I have that 'cuda in black from R.24; thought they might at least change the number for the recolor. Well, you seem to have a lot of info about AW releases, so I have a question I've brought up a few times on my blog that I thought you might be able to answer: why hasn't AW ever re-popped the Cobra Daytona coupe or the Ford GT 40? The last time the former appeared was Release 5 and I think the latter was Release 6. That had to be at least 10 years ago. After "Ford V. Ferrari" was released in January 2020, interest in those cars was probably never higher, yet we got no re-issues of either. Any idea why that is? Did the mold get broken?
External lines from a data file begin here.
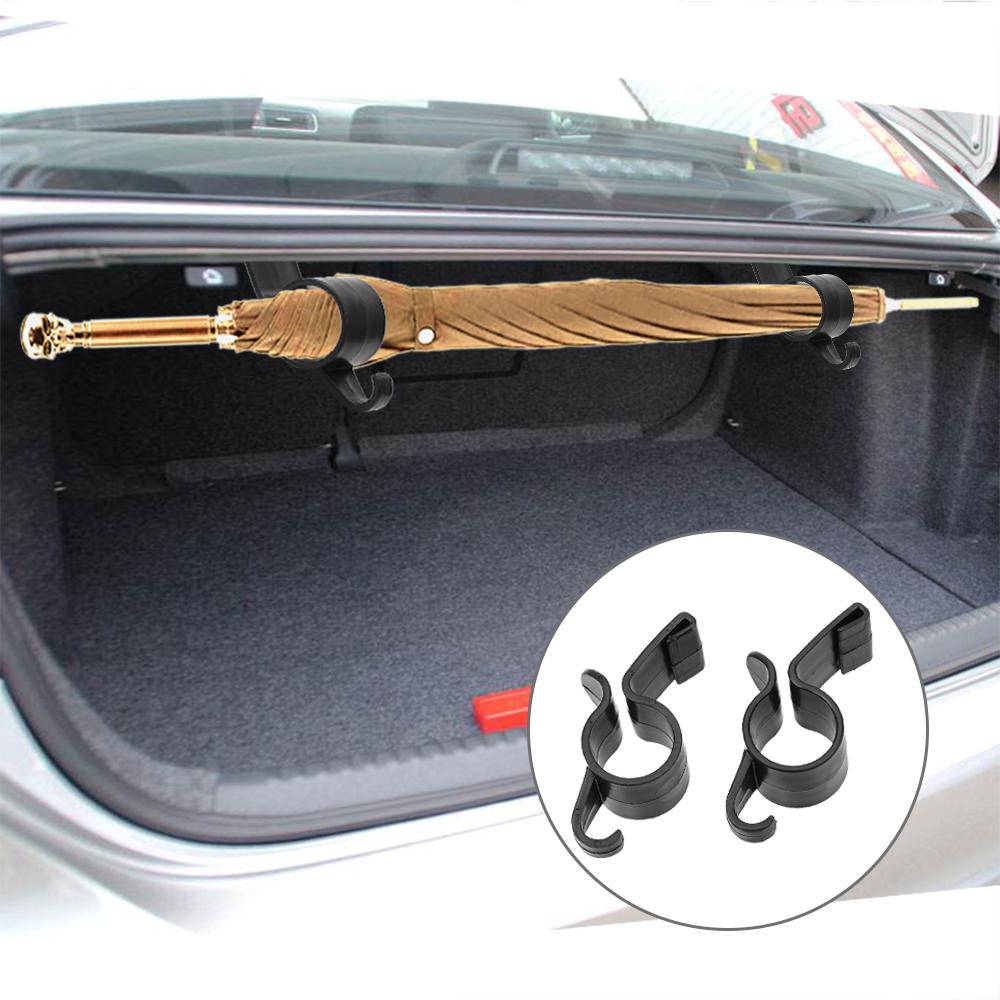 2pcs/set Car Trunk Umbrella Holder Organizer Clip for Mercedes Benz A200 A180 B180 B200 CLA GLA AMG A B C E S Class CLS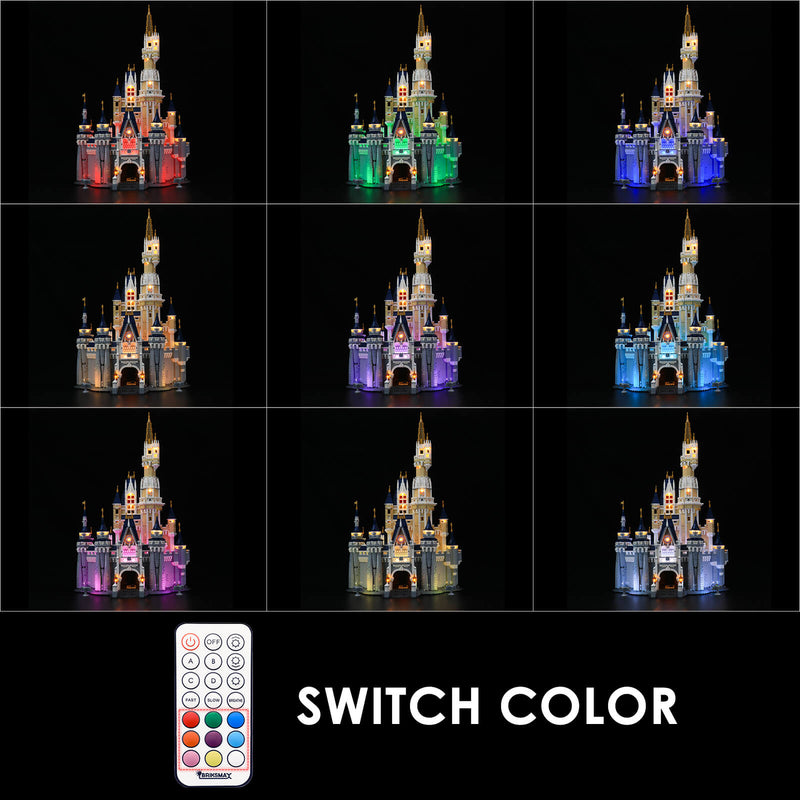 switch color for the disney castle 71040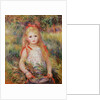Little Girl Carrying Flowers, or The Little Gleaner, 1888 by Pierre Auguste Renoir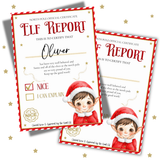 Premium Elf Report Card- Red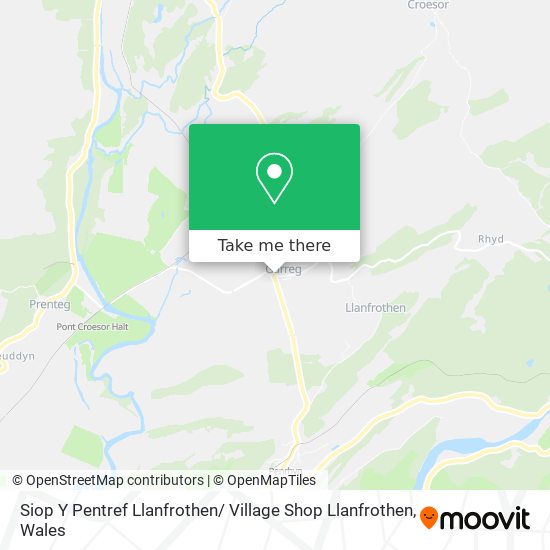 Siop Y Pentref Llanfrothen/ Village Shop Llanfrothen map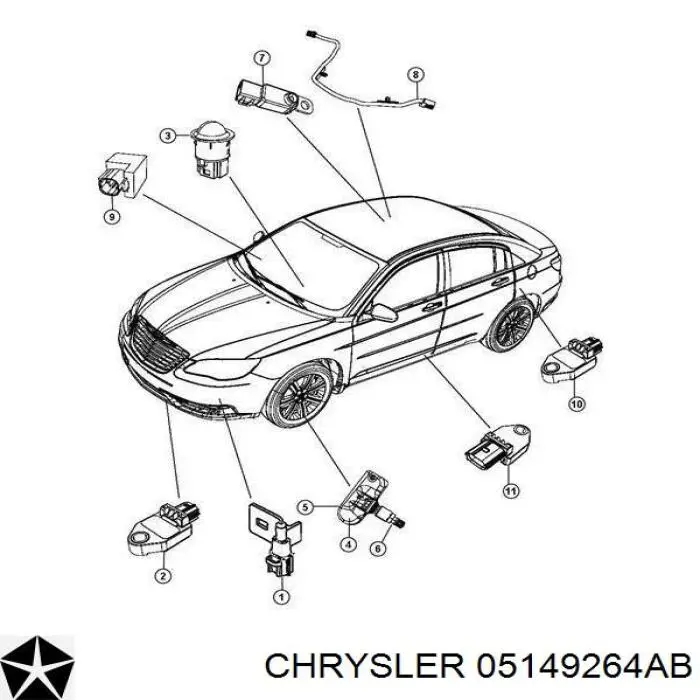Sensor de temperatura ambiente 5149264AA Chrysler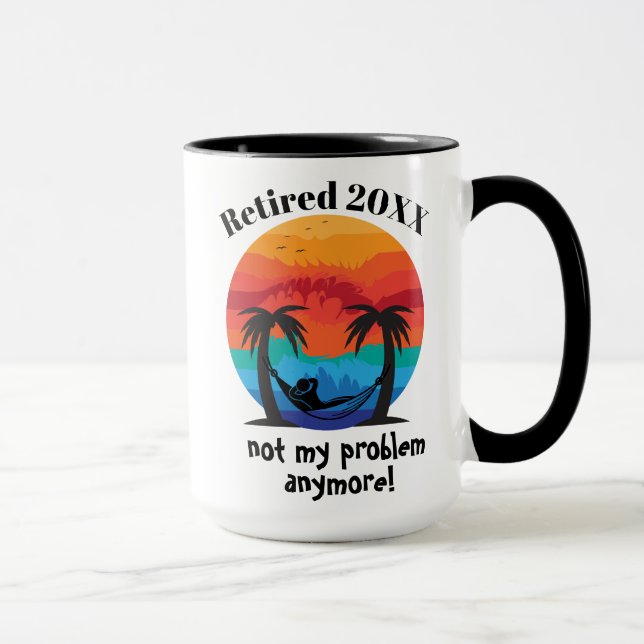 Taza Personalizado Fecha Retirada Mug (Derecha)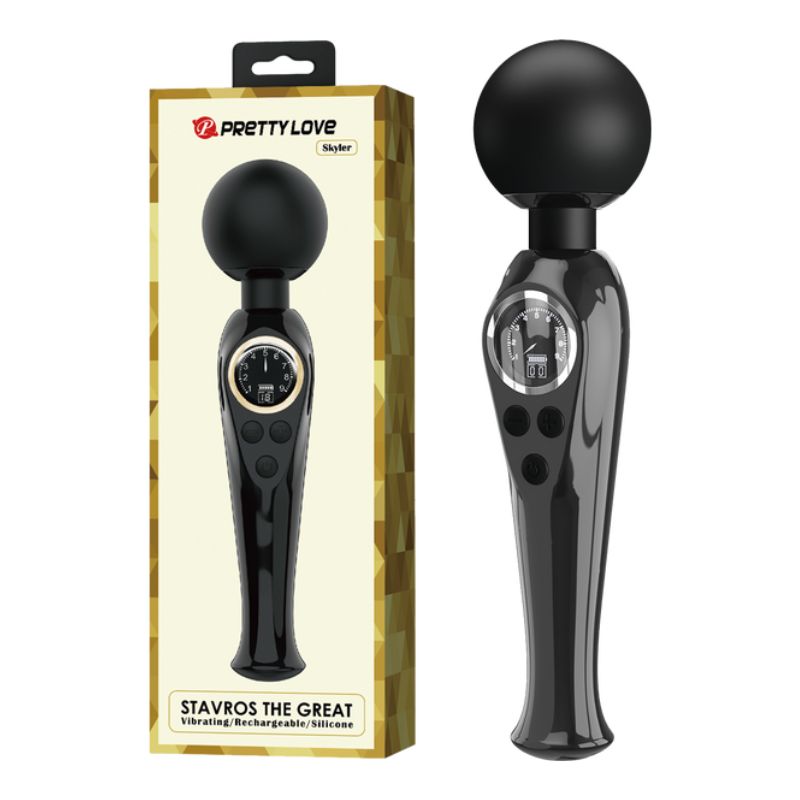 Pretty Love Rechargeable Wand Skyler - Black  - Club X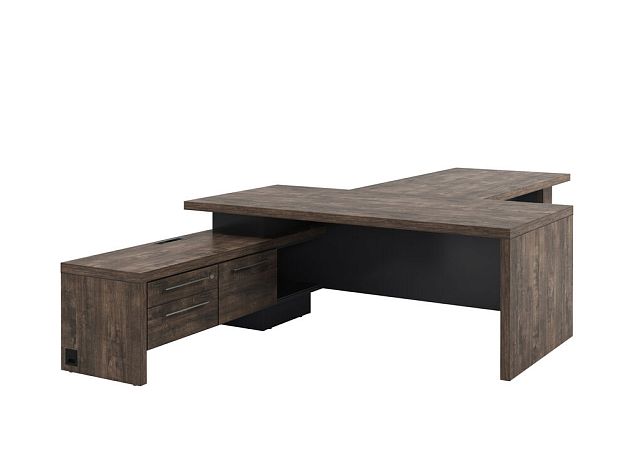 Torston Стол с тумбой + брифинг T-920 л/пр (возможна установка блока розеток)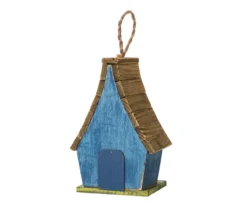 Blue Bird & Leaves Wood Birdhouse 10 Blue Bird & Leaves Wood Birdhouse -Outdoor Decor Sales 810607521 A0 7
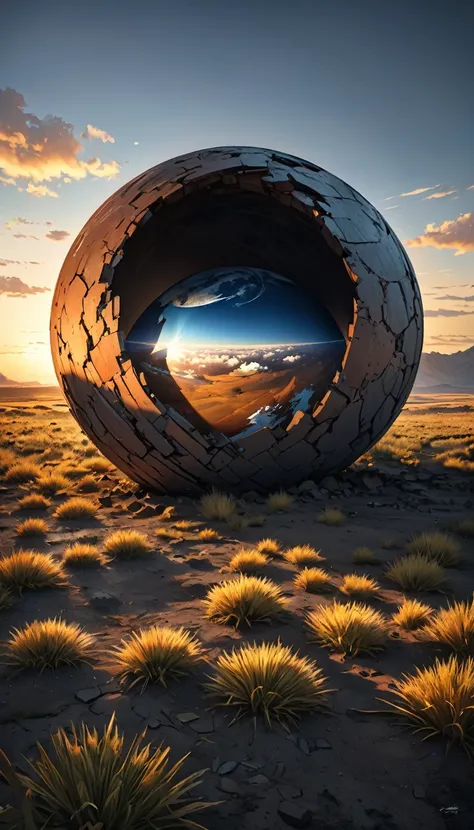 conceptual installation art, sunrise from outside the Earth, BREAK delicate and dynamic textures, contrasts of light and shadow, 2.5D, artistic photography, hyper realistic, digital graphic CG, BREAK ultra detailed, absolutely resolution, best quality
I'd love to see them both again and would line up to buy them.


----------



## pshoe64 (Jun 10, 2008)

Mile Hi Kat said:


> I have that 'cuda in black from R.24; thought they might at least change the number for the recolor. Well, you seem to have a lot of info about AW releases, so I have a question I've brought up a few times on my blog that I thought you might be able to answer: why hasn't AW ever re-popped the Cobra Daytona coupe or the Ford GT 40? The last time the former appeared was Release 5 and I think the latter was Release 6. That had to be at least 10 years ago. After "Ford V. Ferrari" was released in January 2020, interest in those cars was probably never higher, yet we got no re-issues of either. Any idea why that is? Did the mold get broken? I'd love to see them both again and would line up to buy them.
> 
> View attachment 318813


The good news, the molds are still intact and around. As to when they may release another set of those particular cars is hard to say. The GT40 was released in a set, "The 24 Hours of LeMans" about 7-8 months ago. You can see the details here: 2020 Auto World SRS333 – 24 Hours of Le Mans Speed vs. Endurance. The issue of making new cars is licensing. Even with old liveries, someone holds the intellectual property of the paint scheme, sponsors and driver's name. That is likely why we got Swede Savage's #42 Cuda and not Dan Gurney's #48. I have Auto World's ear every so often and I do relay my reader's questions and requests, so I will pass this along.

-Paul


----------



## Mile Hi Kat (Jan 2, 2021)

Oh yeah, I forgot about that set! So there was some attempt to cash in on the movie's popularity! That's good...and it reminds me, I believe I did see a GT-40 from that set sell for just under $100 last fall, and it looked pretty well used. I'd have bid it up myself if I'd seen it before the auction ended. As for the Daytona coupe, I have 3 of the 4 releases of that one, all hard-won via online auctions and very expensive. 

Kinda makes you realize the demand, eh? It would be nice to see a new issue of that Chaparral 2F, as well! Thanks for the reply!


----------



## Mile Hi Kat (Jan 2, 2021)

pshoe64 said:


> Check out the new Auto World Thunderjet Release #32 (SC362) Trans America Racing. They have added some really nice liveries to the collection. Check them out at the link below: 2021 Auto World ThunderJet Release 32 SC362 – Trans America Racing
> 
> Hey, just thought I'd mention: I've been looking for 2 of the 3 cars your pointed out here since early June and I haven't seen hide nor hair of them anywhere, not even on Auto World's own website. Let me guess: a "supply chain problem?" I want both those Camaros for the Trans Am fleet I'm building.
> 
> Just wondering.


----------